One of the main concerns while developing ThemBid.com was to have a website that would be easy to use but that could scale as the project grew. Fortunately, I’ve been writing web applications for a long time and along the way I’ve been exposed to issues ranging from modifying the Linux Kernel IP stack all the way to creating Web 2.0 Photoshop icons and CSS rounded corners. In this post, I will discuss the steps taken to optimize our initial ThemBid.com server to have a scalable website using Ubuntu, Lighttpd, PHP, and Symfony that can be applied to most Web 2.0 applications running on Linux. In the last part of this article I discuss an upgrade plan to scale your application as you grow.

  1. Hardware - Initially we chose a decent server since we anticipated to get a few thousand users after the launch. The initial server is a dual core server with 2GB RAM and 2 x 36SCSI 10K RPM on RAID1. We decided to get this server from Layeredtech since from past experience they’ve had a reliable network.
  2. Low-Latency DNS - Since the plan was to expand rapidly, something to consider was a low latency DNS server since we wanted our site to load fast while providing reliability and helping us with our future expansion and redundancy plan. We considered using our registrar’s DNS but they did not offer IP anycast so we decided to look elsewhere. We decided to go with DNS Made Easy since they were affordable and they had really low latencies. You can use DNS Stuff to test them.

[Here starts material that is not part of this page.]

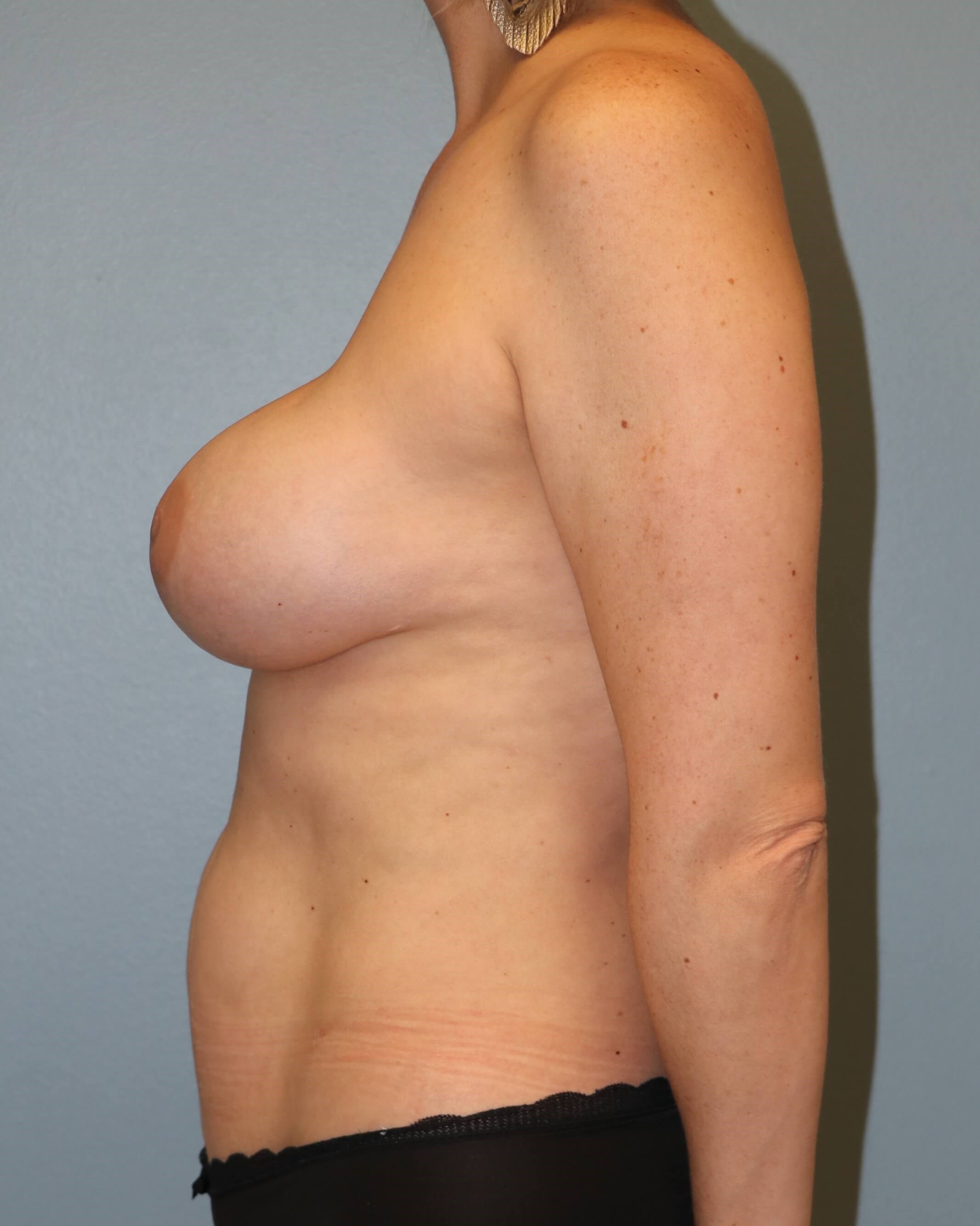 Prepectoral Implant Recon After Implant Reconstruction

  3. OS - Since Linux is widely supported in many hosting environments and proven to scale it was always assumed Linux was an option. Our programmers environment is a machine running Ubuntu with two monitors with Eclipse in 1.5 monitors, a terminal on the background, and a browser on half of the second monitor. Ubuntu was chosen as the OS on the server as well, and now with their extended software maintenance that Ubuntu offers in the server distribution, it was an easy choice. This is a screen shot of our development environment in case you are wondering.
    Development
  4. Web Server - ThemBid.com has as many static pages/images as it does dynamic pages so we had to evaluate different servers. We initially looked at Apache with mod_php to server dynamic pages and a separate web server to serve static content. Then we took at look at Lighttpd. Lighttpd with FastCGI perfectly suits our needs. Lighttpd would handle all static image and “pass” the dynamic PHP page requests to FastCGI. Also, for those of you familiar with low-level event driven programming such as Kqueue, Epoll, etc. will know why an easy choice is Lighttpd. Lighttpd was written with speed in mind and they’ve done and excellent job. To install:
    
    # apt-get install lighttpd
    
    Then enable FastCGI on lighttpd with:
    
    # lighty-enable-mod fastcgi
    
    And edit /etc/lighttpd/conf-enabled/10-fastcgi.conf
    
    fastcgi.server    = ( ".php" =>
                          ( ( "host" => "127.0.0.1",
                              "bin-path" => "/usr/bin/php-cgi",
                              "port" => 9000
                            )
                          )
                        )
  5. Database - Since we have been developing MySQL based websites for a while and MySQL has scaled really good, we just decided this was not a time to test the waters again with PostgreSQL. MySQL slaves or a MySQL cluster would be enough for our scalability plan mentioned later. To install:
    
    # apt-get install mysql-client-5.0 mysql-common mysql-server mysql-server-5.0
  6. Development Framework - The first framework we looked at was Rails since currently its one of the most talked about frameworks. The main two reasons why we didn’t use it is because we were already familiar with PHP and know it can scale such as Digg and Yahoo and because its easier to find more experienced PHP programmers than Ruby programmers. After choosing PHP we were debating between using Symfony or CakePHP. This was a tough choice, but at the time of making the decision Symfony had better documentation and seemed more active. In addition, at the same time Yahoo had released an application based on the Symfony framework and that helped us in our choice for Symfony. I am glad we made that decision!! To install PHP (some of these we will need later):
    
    # apt-get install php5-cgi php5-cli php5-common php5-gd php5-mysql php5-mysqli
        php5-sqlite php5-dev make
    
    Configure Lighttpd on /etc/lighttpd/lighttpd.conf to work with Symfony as the
    following assuming you install Symfony on /var/www/www.thembid.com
    
    $HTTP["host"] == "www.thembid.com" {
      server.document-root = "/var/www/www.thembid.com/web"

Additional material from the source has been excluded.